This notebook will be a recreation of the study `Li, H., Cao, Y., Li, S., Zhao, J., & Sun, Y. (2020). XGBoost model and its application to personal credit evaluation. IEEE Intelligent Systems, 35(3), 52-61.`. The study originally uses dataset from Lending Club, but this source is not available anymore. Though, there copies available on kaggle. The dataset can be found [here](https://www.kaggle.com/datasets/wordsforthewise/lending-club/data).

Authors:
- Adam Janczyszyn
- Hubert Wojewoda
- Jakub Wujec
- Jakub Żmujdzin

### Data Loading

In [1]:
import pandas as pd
df = pd.read_csv('data/credit_card_2018.csv')

  df = pd.read_csv('data/credit_card_2018.csv')


Let us preprocess the data according to the study's methodology.
We start off by mapping the target variable to 0 and 1. Then, we run sampling for each month - we take 4 times as many good clients as bad clients.

In [2]:
from rr_project.data_wrangling import preprocess_data
preprocessed_df = preprocess_data(df)

  df["issue_d"] = pd.to_datetime(df.issue_d)


Source data shape: (127702, 153). 
Source data target distribution:
target
0    124626
1      3076
Name: count, dtype: int64
Bads for month 1: 420. Goods for month 1: 1680.
Bads for month 2: 323. Goods for month 2: 1292.
Bads for month 3: 390. Goods for month 3: 1560.
Bads for month 4: 394. Goods for month 4: 1576.
Bads for month 5: 361. Goods for month 5: 1444.
Bads for month 6: 310. Goods for month 6: 1240.
Bads for month 7: 271. Goods for month 7: 1084.
Bads for month 8: 213. Goods for month 8: 852.
Bads for month 9: 136. Goods for month 9: 544.
Bads for month 10: 133. Goods for month 10: 532.
Bads for month 11: 80. Goods for month 11: 320.
Bads for month 12: 45. Goods for month 12: 180.
Undersampled data shape: (15380, 153). 
Undersampled data target distribution:
target
0    12304
1     3076
Name: count, dtype: int64


At this first step, we already have discrepancies to the original study:
- though the number of rows is the same, there are 10 additional columns (153 vs 143).
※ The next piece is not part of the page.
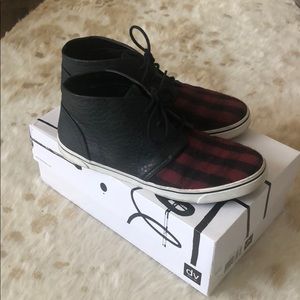 DV Dolce Vita Giaa Red Plaid Sneaker Boots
They are mainly related to metadata (e.g. url of download) and should not be used in the analysis.
- There is a difference in the number of "bad" clients. The authors used the following mapping: ["Fully Paid", "Current", "In Grace Period"] for good clients, all other for bad clients. Though, the authors obtain over 5k defaults, while we have only a bit over 3k. Due to that, the overall sampled row number is decrased from ~25k to ~15k.

Let us run feature selection for preprocessing. The authors have listed over 30 columns to drop by "manual selection". Furthermore, they get rid of all features with NaN proportion over 0.5. We will follow this approach.

In [3]:
from rr_project.data_wrangling import preprocessing_feature_selection
feature_selected_df = preprocessing_feature_selection(preprocessed_df)
print("Feature selected data shape: ", feature_selected_df.shape)
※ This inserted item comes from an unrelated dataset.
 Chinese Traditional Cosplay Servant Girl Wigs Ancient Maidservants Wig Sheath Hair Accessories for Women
Features with over 50% missing values = 37. Index(['member_id', 'desc', 'orig_projected_additional_accrued_interest',
       'hardship_type', 'hardship_last_payment_amount',
       'hardship_payoff_balance_amount', 'hardship_loan_status',
       'hardship_dpd', 'hardship_length', 'hardship_amount', 'deferral_term',
       'hardship_status', 'hardship_reason', 'settlement_percentage',
       'settlement_amount', 'settlement_status', 'settlement_term',
       'sec_app_mths_since_last_major_derog', 'verification_status_joint',
       'sec_app_revol_util', 'sec_app_collections_12_mths_ex_med',
       'sec_app_open_acc', 'annual_inc_joint', 'dti_joint',
       'sec_app_chargeoff_within_12_mths', 'sec_app_num_rev_accts',
       'sec_app_open_act_il', 'sec_app_fico_range_high', 'sec_app_mort_acc',
       'sec_app_inq_last_6mths', 'sec_app_fico_range_low', 'revol_bal_joint',
       'mths_since_last_record', 'mths_since_recent_bc_dlq',
       'mths_since_last_major_derog', 'mths_since_recent_re

In the next steps, the authors mention label encoding. There was no mention of a particular method, only `"The text data has been first converted to numeric data that can be recognized by the computer"`. We have decided to go with `LabelEncoder()` from `sklearn.preprocessing`, which encodes labels to numbers. We will additionally display the encodings. Null values for those columns will be filled with 0.

In [4]:
from rr_project.data_wrangling import label_encode_all
label_encoded_df = label_encode_all(feature_selected_df)
print("Label encoded data shape: ", label_encoded_df.shape)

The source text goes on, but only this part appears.